Os anos passaram, os pais de
Madalena faleceram, e com o avançar da idade Leonel deixou de poder trabalhar e
ficava os dias na salinha tocando uma e outra vez piano. Madalena tinha perdido
o marido num acidente em que também ela sofrera graves ferimentos. Perdeu a
vista de um olho e parecia ter desistido de viver. A filha única, dedicada de
corpo e alma à profissão de médica, decidiu voltar para a vila, esperando que
com pessoas que conhecesse a mãe reagisse. Quando entraram na casa, Madalena
foi direta ao seu antigo quarto, sentou-se numa poltrona verde e com os dedos
enrugados tocou no cachimbo que estava na mesinha ao lado. O seu pai sempre
fumou cachimbo e era assim que o recordava sentado na poltrona fumando o seu
cachimbo e contando-lhe as suas aventuras em Africa. Embora não tivesse
melhorias, a verdade é que Madalena sempre sorria quando de manhã a sentavam
naquela salinha e era sempre renitente que ao fim do dia ia para a cama. Vendo
que a mãe gostava tanto daquele espaço, a filha decidiu colocar mãos à obra e
retirar o papel de parede antigo e pintar as paredes de branco, talvez colocar
uns quadros com fotografias.
À medida que ia retirando o
papel, ia ficando intrigada com as letras que iam aparecendo, palavras, frases
inteiras que percorriam em circulo as paredes da pequena sala. Quando terminou,
leu e releu as palavras, e embora não lhe fossem a ela dirigidas, sentiu
borboletas no estomago, sentiu as lágrimas nos olhos enquanto lia, pensando ler
em silêncio sem se aperceber que as palavras lhe saiam pelos lábios como quem
sopra bolinhas de sabão.
“ Estas palavras que copio do
coração e aqui escrevo, certamente não as lerás, se alguma vez virem a luz do
dia, já os meus olhos da cor do mar e os teus da cor da areia se foram deste
mundo. Amei-te no dia em que te colocaram nos meus braços bébé e me perdi nas
dunas dos teus olhos cor de mel, amei-te em silêncio celebrando tuas vitorias e
sofrendo com tuas derrotas, perdi-me e minha alma morreu até ao dia em que
colocaste um pedaço de ti nos meus braços e vi os mesmos olhos confiantes.
Devolveste-me a esperança nas pessoas, e a vontade de viver e quero que quem
venha habitar um dia nesta casa saiba que aqui morou um anjo. Com amor, Leonel”

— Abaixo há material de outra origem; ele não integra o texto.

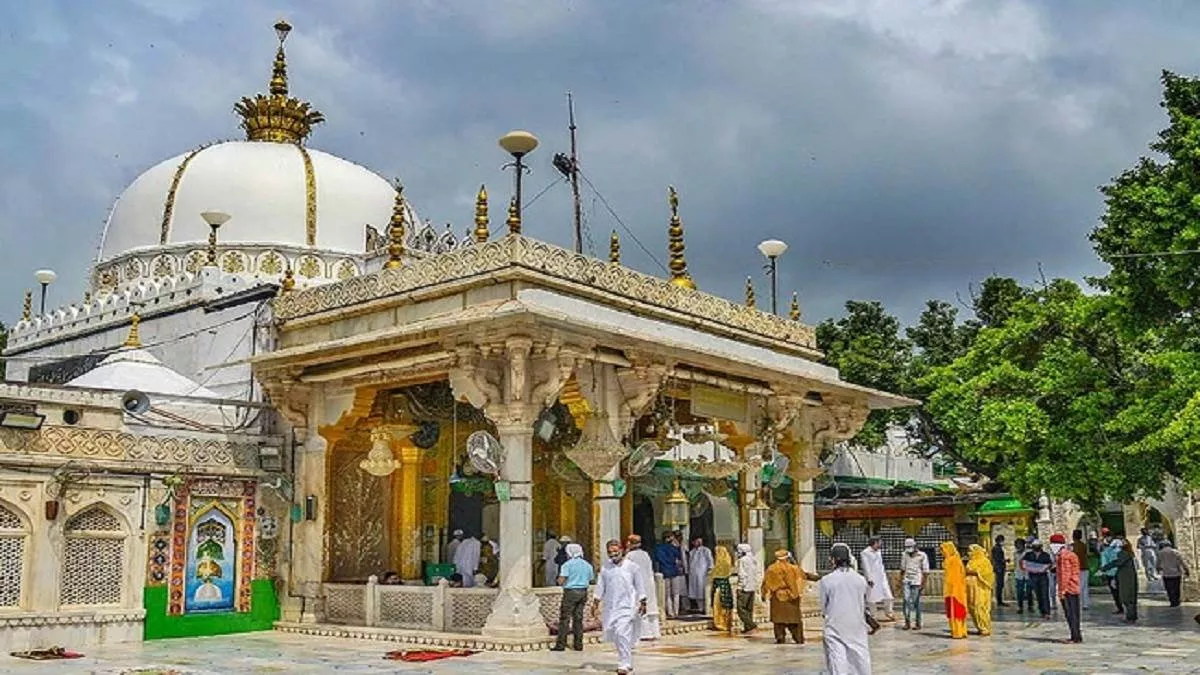 Ajmer: अजमेर शरीफ दरगाह में जायरीन के साथ बदसलूकी, नजराने के पैसे नहीं दिए  तो सिर के बाल व आधी मूंछ काटी - Ajmer News: Misbehavior with the pilgrims  in Ajmer Sharif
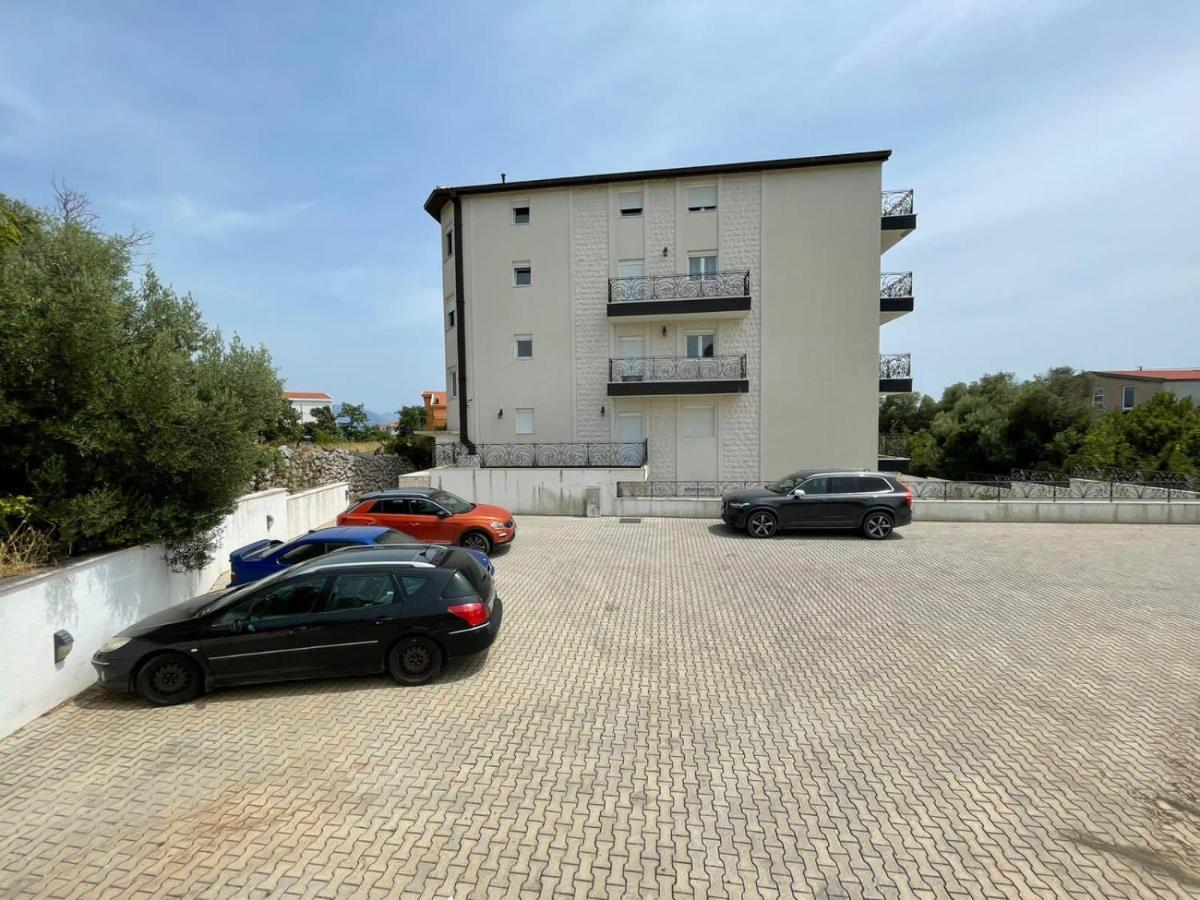 Lux Apartment Mms1 Krimovica Bagian luar foto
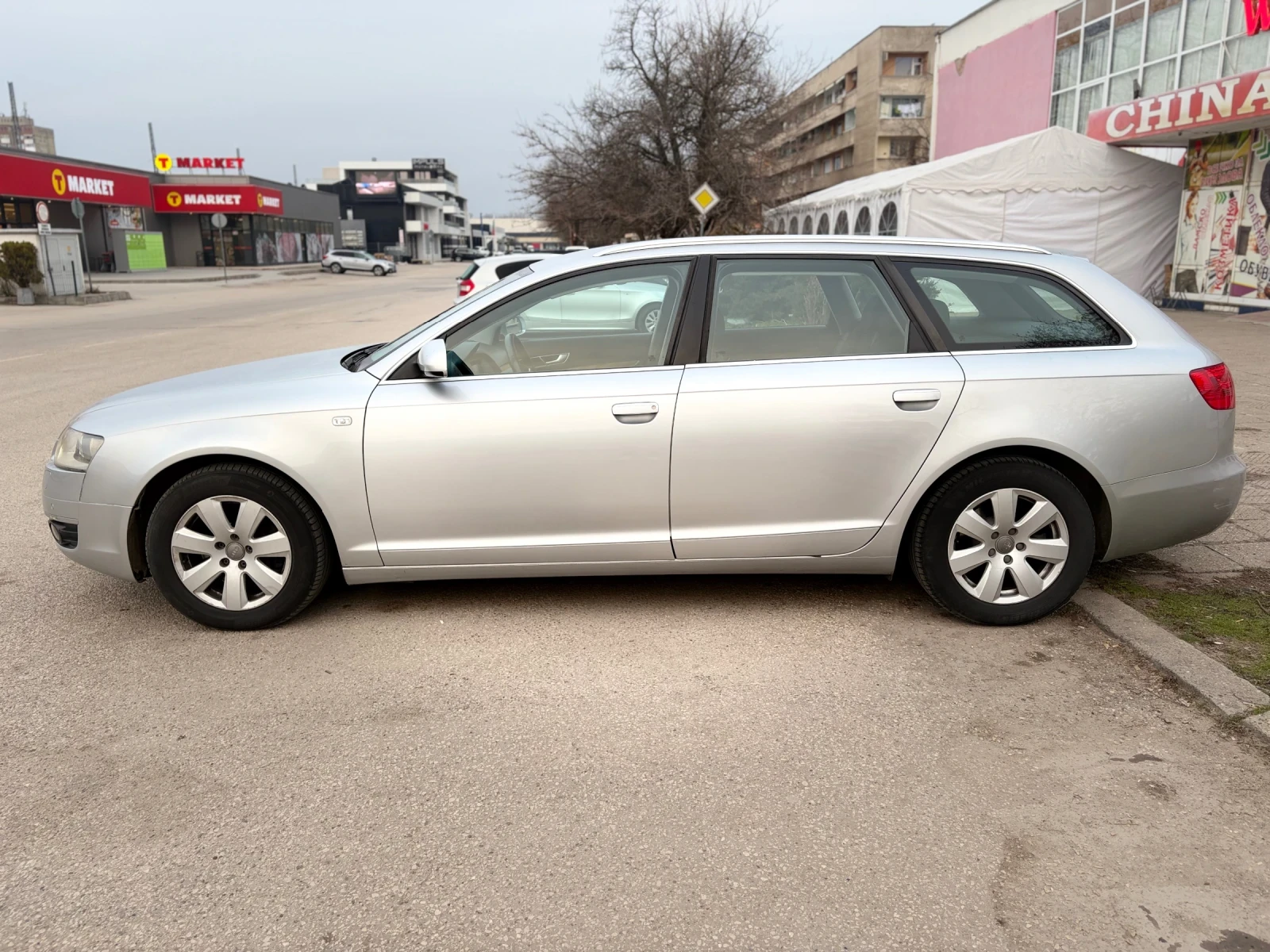 Audi A6 3.0 TDI V6 Quattro , снимка 9 - Автомобили и джипове - 54223872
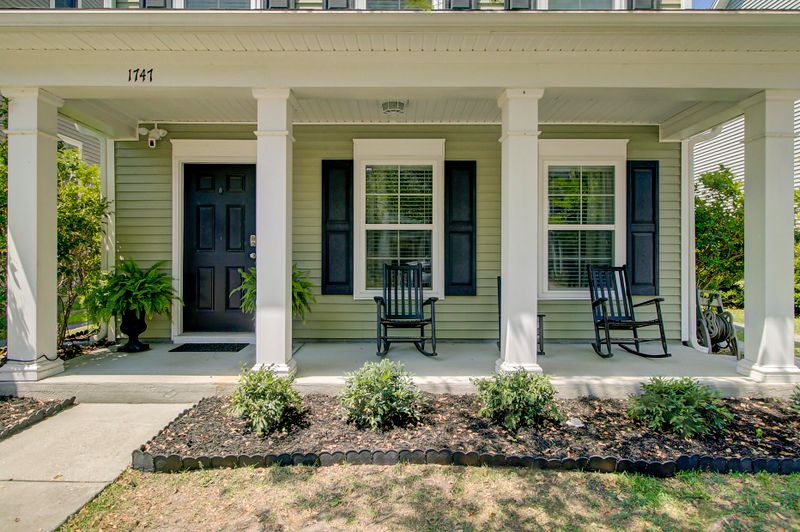 1747 Towne St, Johns Island, SC 29455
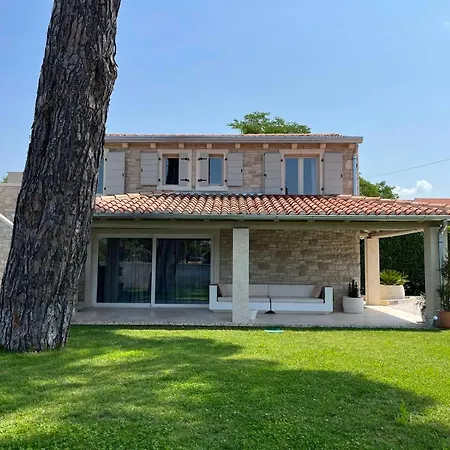 Skarlanija, Umag Sveta Marija na Krasu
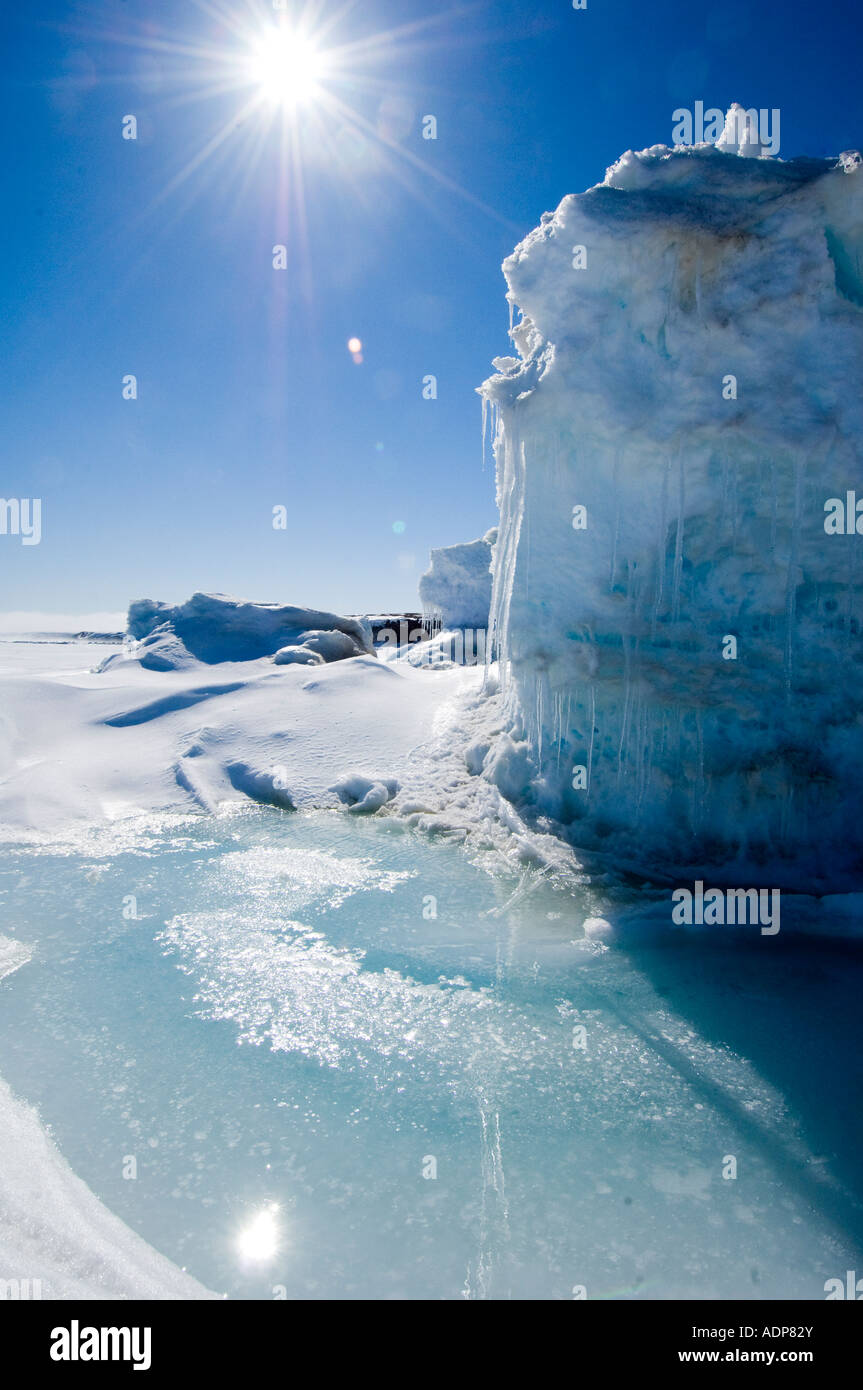 Piscina acqua di disgelo a base di iceberg con il crack nell'oceano mare di ghiaccio a base in primavera. Foto Stock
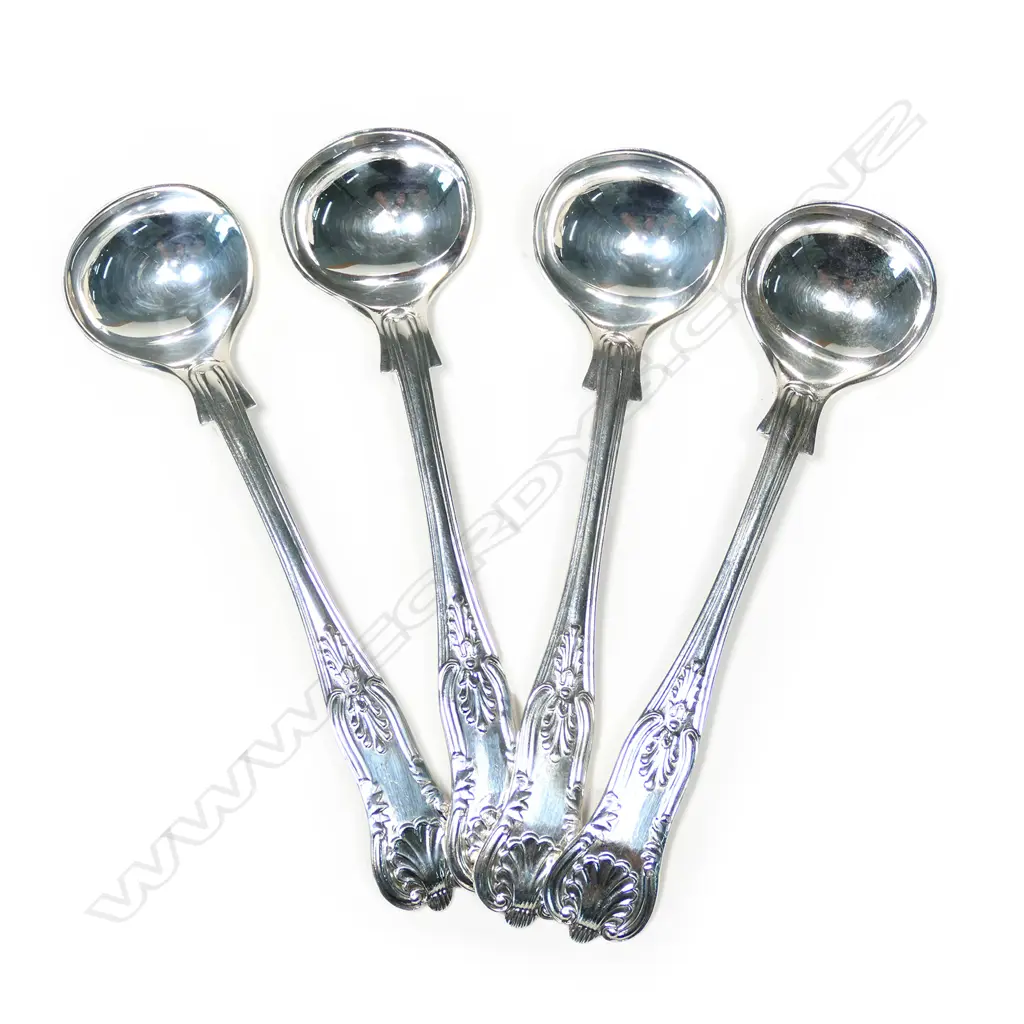 A set of four Edw. silver King's pattern salt spoons, Birmingham 1905 by James Dixon & Sons Image 1++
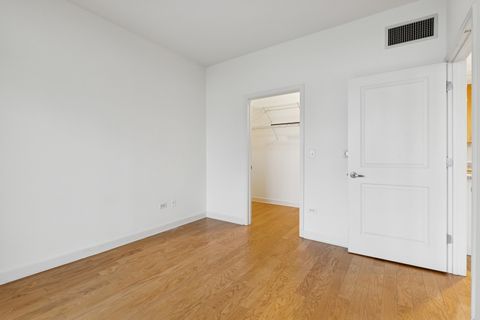 Tiny photo for 1400 S Michigan Avenue #1708, Chicago, IL 60605 (MLS # 12519118)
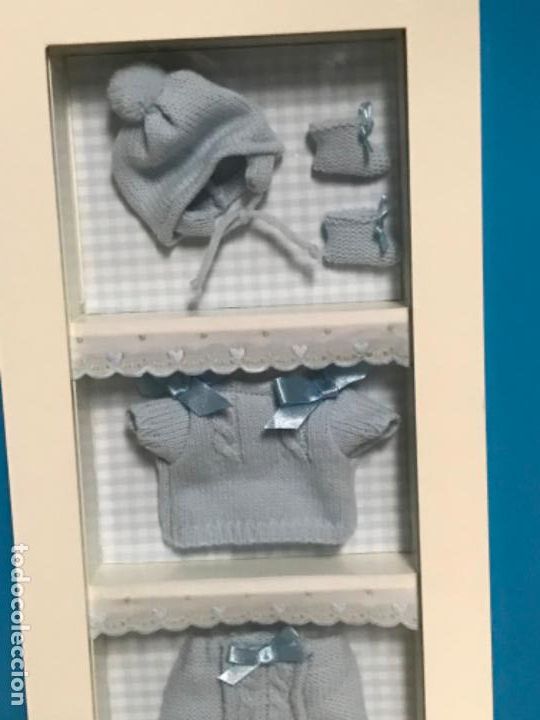Segunda mano: Cuadro dormitorio bebe marca Pasito a Pasito vitrina expositora Ropero, azul - Foto 2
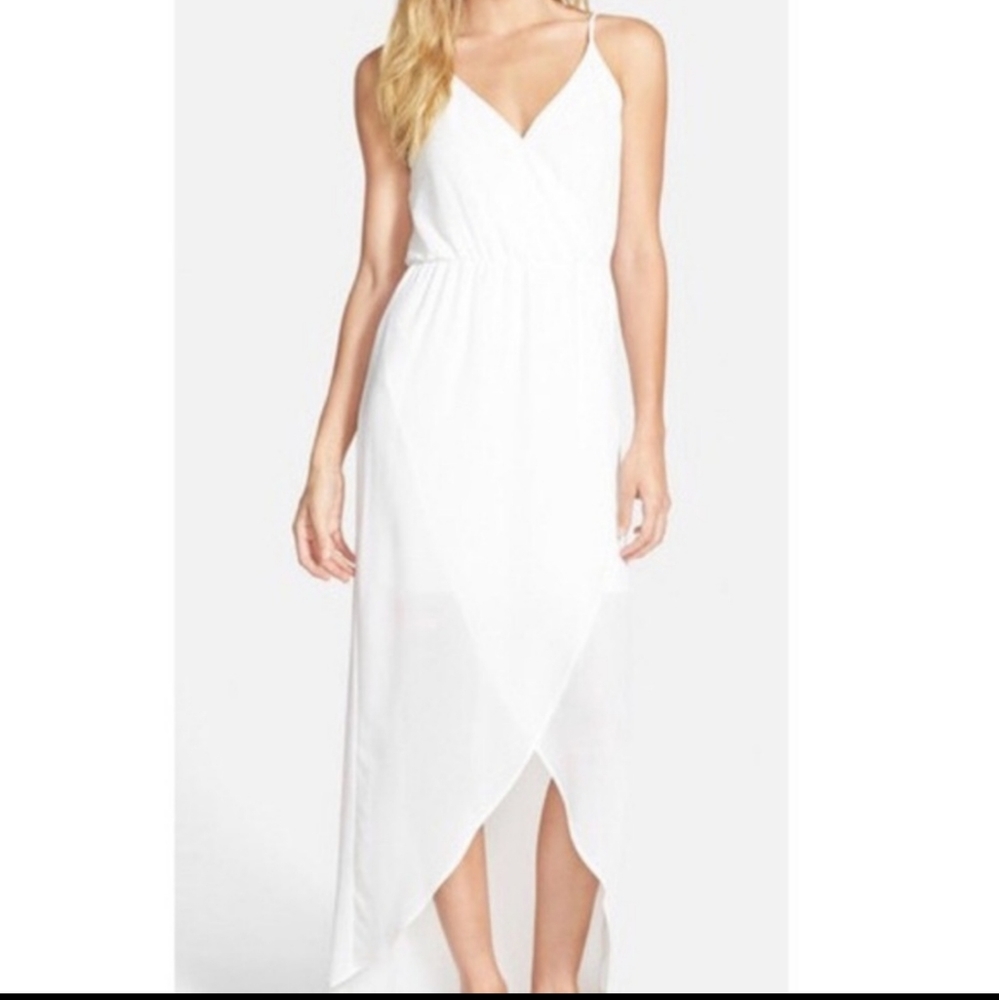 White High-Low Lush Sleeveless Dress - Small
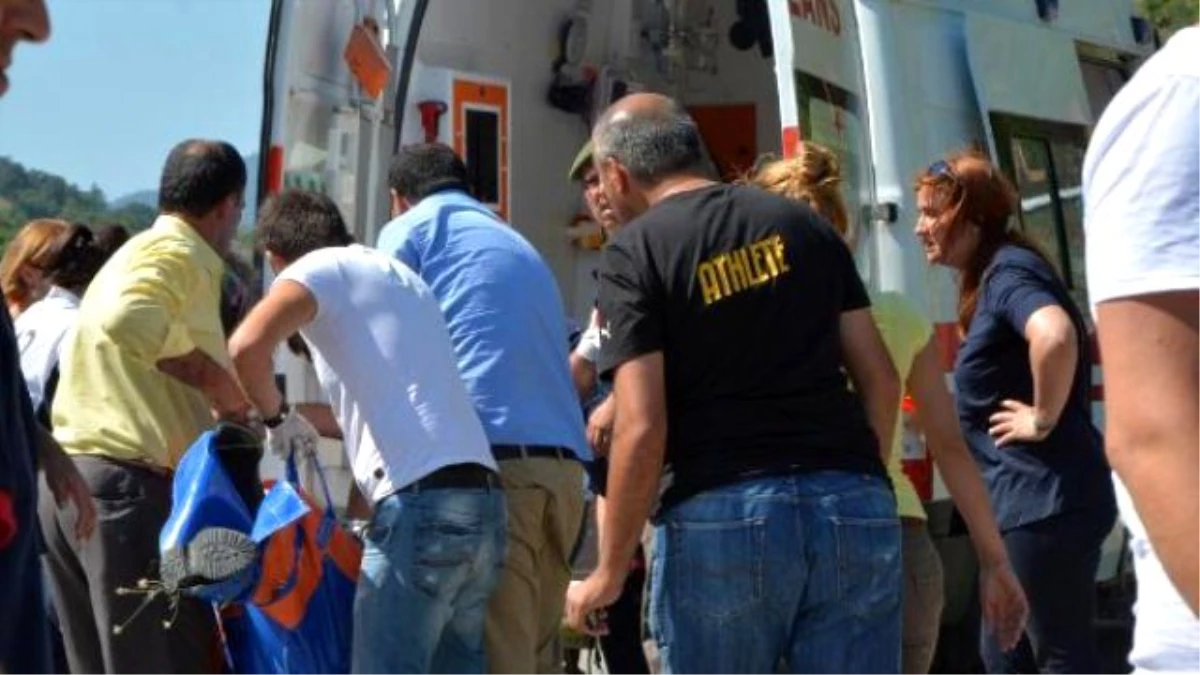 Sinop\'ta Otomobil Takla Attı: 1 Ölü, 1 Yaralı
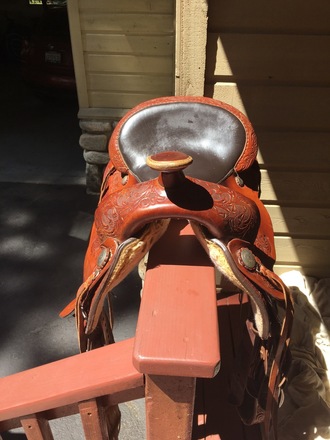 Circle Y Western Saddle 15.5"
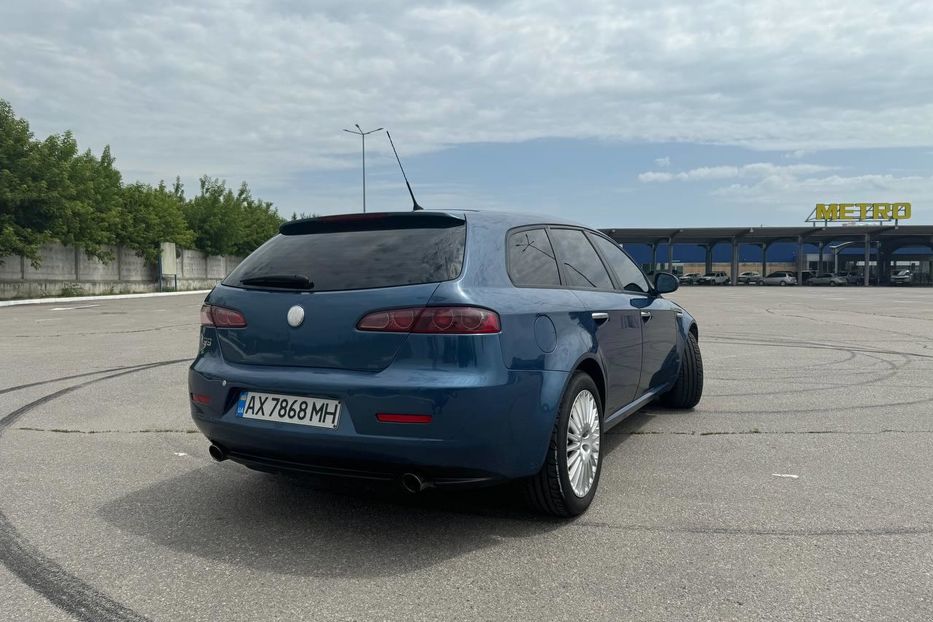 Продам Alfa Romeo 159 2006 года в Харькове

Passaram alguns minutos até
voltar a colocar os pés assentes no chão de madeira, olhou a mãe e viu as
lágrimas que lhe corriam pelo rosto, e viu nos olhos tão iguais aos seus o que
há muito tempo não via, vida. Sentou-se no chão, segurando as mãos trémulas, em
silêncio, até que a mãe lhe começou a contar a história de Leonel. A meio,
começou a ouvir o som de um piano, do outro lado da parede, e perante o súbito
silêncio da mãe, olhou para cima, e viu como tocava na parede acariciando-a e
murmurando “Leonel”.
Levantou-se e foi bater na porta
ao lado. Na ombreira apareceu um homem alto, de cabelos brancos e uns olhos
azuis de um azul profundo enfiados entre as pálpebras enrugadas. Falou por
momentos com ele, como se o conhecesse há muitos anos, e pediu-lhe que viesse a
sua casa. Levou-o até a salinha e fechou a porta atrás de si. Madalena ergue os
olhos, e Leonel abraçou-os com os seus. Agarrou nas suas mãos e beijou cada um
dos seus dedos com a delicadeza de quem beija as pétalas de uma rosa para que
estas não caiam. Deitou a cabeça no colo dela e ficaram ali, em silêncio, não
se sabe quanto tempo, pois o tempo parou, pois as suas passadas seriam
excessivamente ruidosas e podiam perturbar a melodia perfeita daquele encontro.
Naquela rua, que sobe da Igreja e
curva no riacho, estão três casas aparentemente triviais, são agora iguais por
dentro, mas apenas numa se ouve a mais bonita e perfeita sinfonia da Ternura,
apenas numa as palavras escritas se colaram as notas soltas de um velho piano,
numa sala agora grande onde um arco traz cravado o testemunho de duas vidas que
sempre estiveram destinadas a ser apenas uma.